In addition to these were likewise any number of Malay prahus and “prams” from Borneo and Celebes and the Philippine Islands generally; Arab dhows and “grabs” from the Persian Gulf; English-captained, Lascar-manned trading vessels from Calcutta and Madras; fishing schooners from the Torres Straits and Sydney, laden with cargoes of sea-slugs, for Chinese consumption; besides merchant ships from every port in Europe—although, I noticed that the British and American flags were decidedly in the ascendant.
All this heterogeneous collection of vessels, of every known nationality and rig, come hither at all seasons, but the Chinese junks mostly when the north-east monsoon sets in to blow them along with their favourite stern wind.
They resort here as to a common meeting ground or exchange mart, to swop their cargoes, the silks and teas and spices and precious gums of the East being bartered for the manufactures and merchandise of the West; while the keen though sleepy-looking Dutchmen, Chinese, Jews, Parsees, Siamese, Englishmen and Yanks, who negotiate and this interchange of wares manage to conduct the bargaining in their various lingoes by the aid of a polyglot dialect of their own, chuckling over the dollars and cash and cowries as they rake them in with the impression that they are getting the best of the deal, when all the time, perhaps, they are being cheated themselves!

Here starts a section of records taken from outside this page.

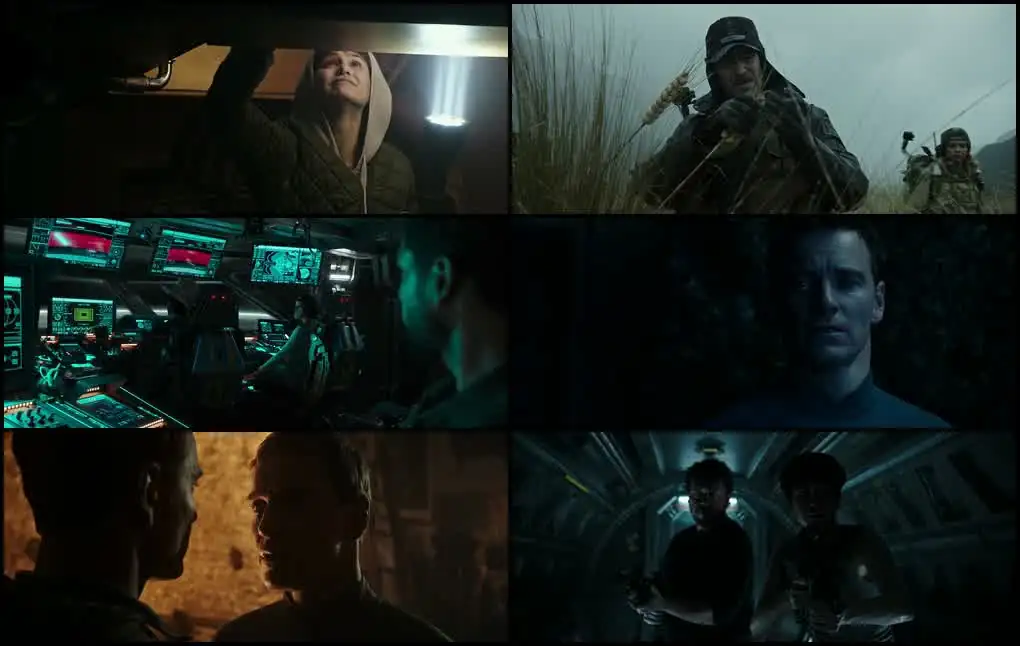 Alien: Covenant Screenshot 1
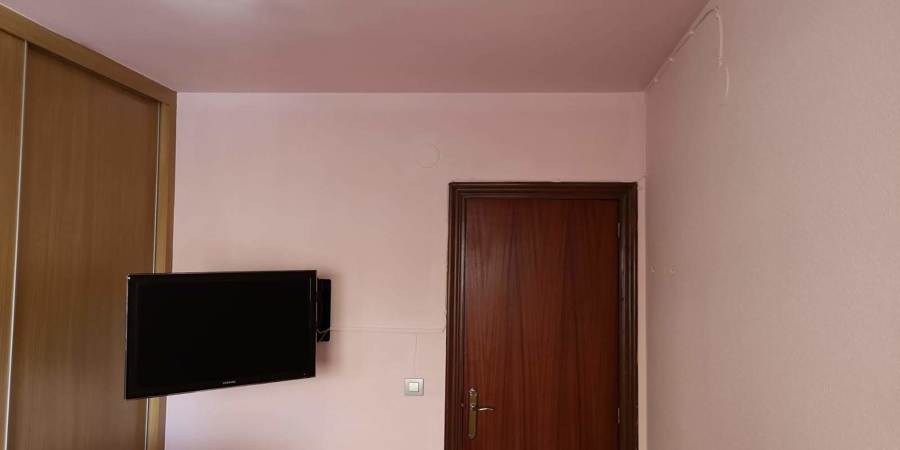 Proyecto reparación paredes dañadas por tabaco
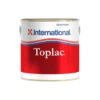 LAQUE INTERNATIONAL MONOCOMPOSANT TOPLAC 2,5L - Blanc 545 -Railblaza Boutique laque international monocomposant toplac 25l blanc 545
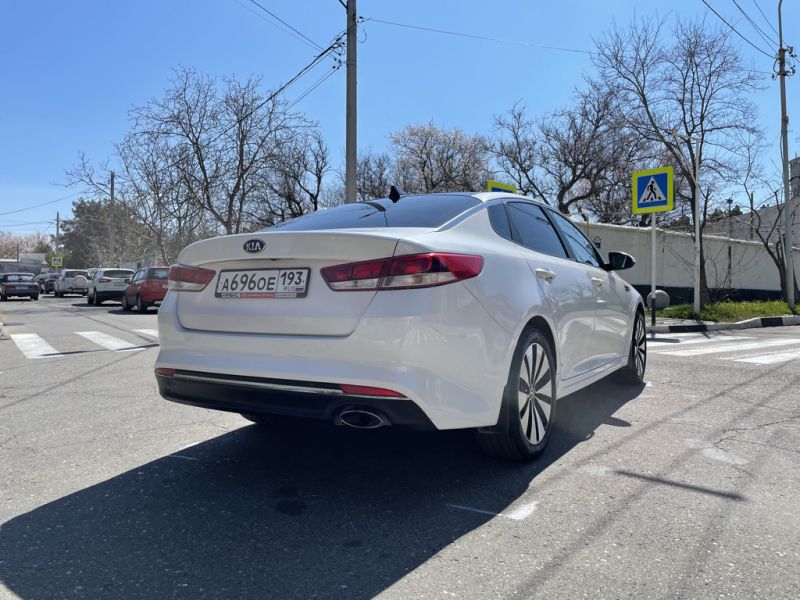 Kia Optima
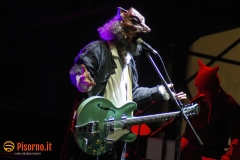 Vinicio Capossela live @ MusArt Festival, Firenze 26 Luglio 2021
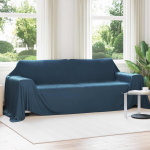 Pleedi pleed tumesinine 350 x 270 cm fliis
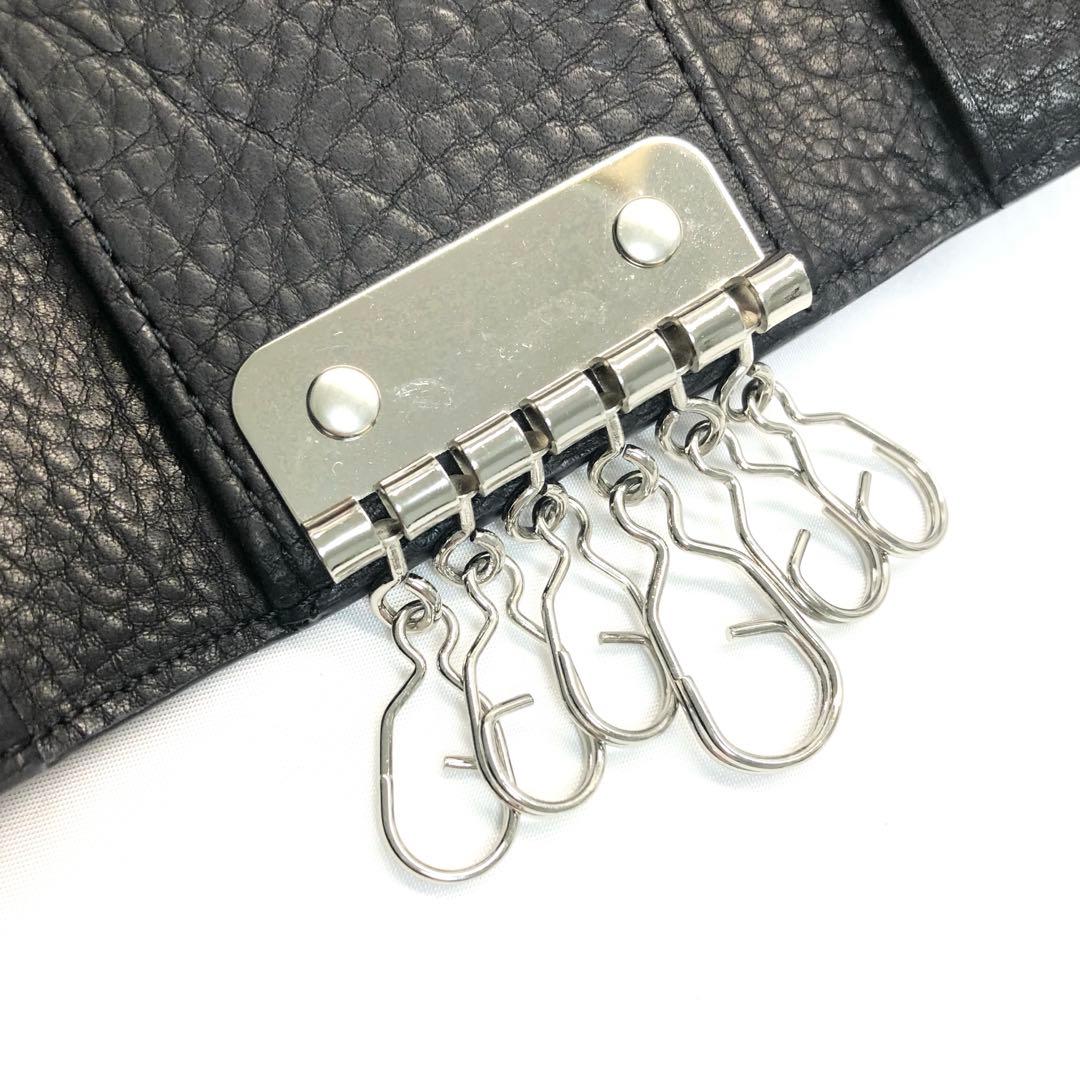 reuse.style✨　ヴィヴィアンウエストウッド　6連　キーケース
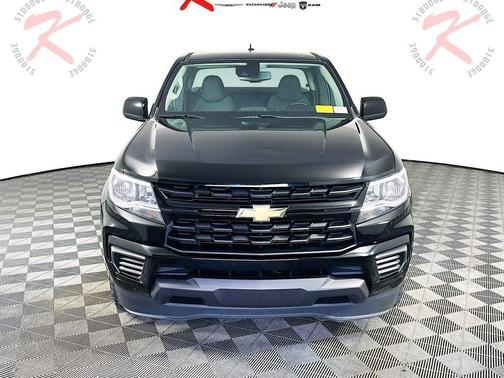 2021 Chevrolet Colorado LT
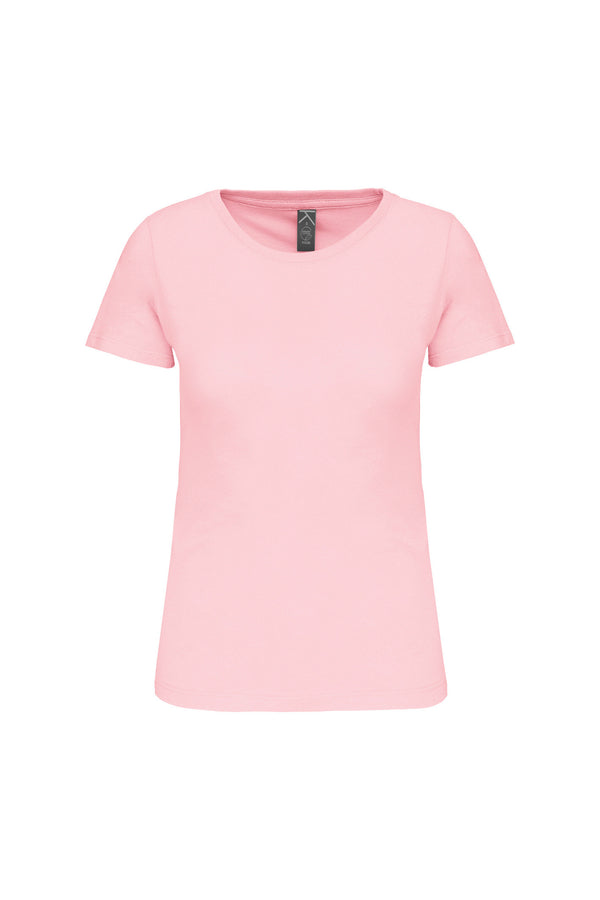 T-shirt Bio150 col rond femme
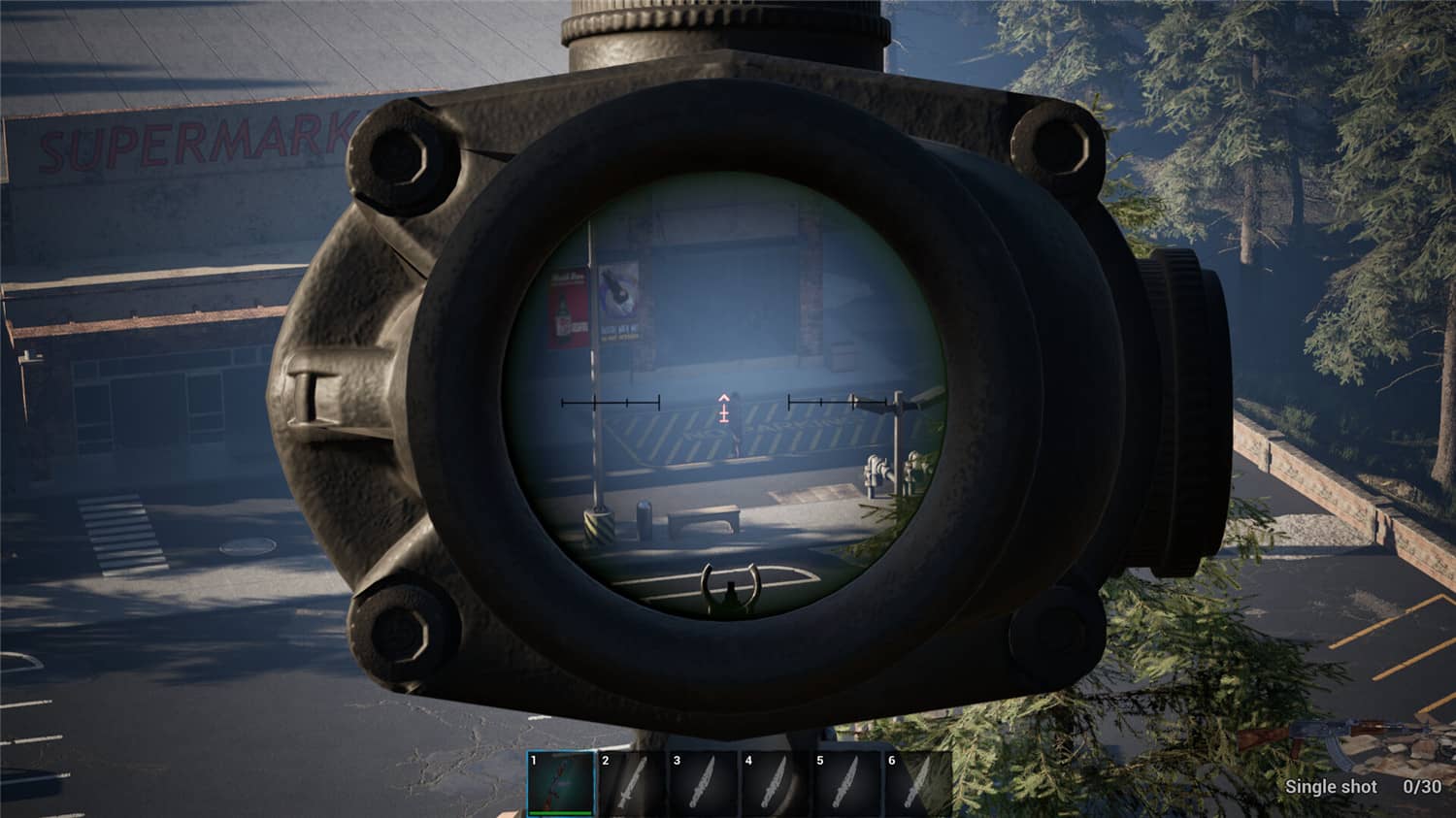 《无人生还》v0.0.8.8中文版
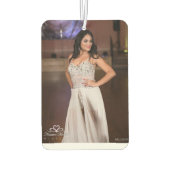 "Maria Chapa" luchtverfrisser Souvenir (Achterkant)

So Commander Nesbitt now told us, kindly particularising the various points of interest to us two youngsters and explaining all we did not know, which meant pretty nearly everything, as he had served in these waters before; while to Larkyns and myself Singapore and its migratory population, with their prominent characters and characteristics, were all new, as, indeed, they were to most of the fellows in the gunroom, excepting Mr Stormcock and Plumper, the fat senior mate, both of whom, like the commander, had previously been on the station and were acquainted of old with the place and its people.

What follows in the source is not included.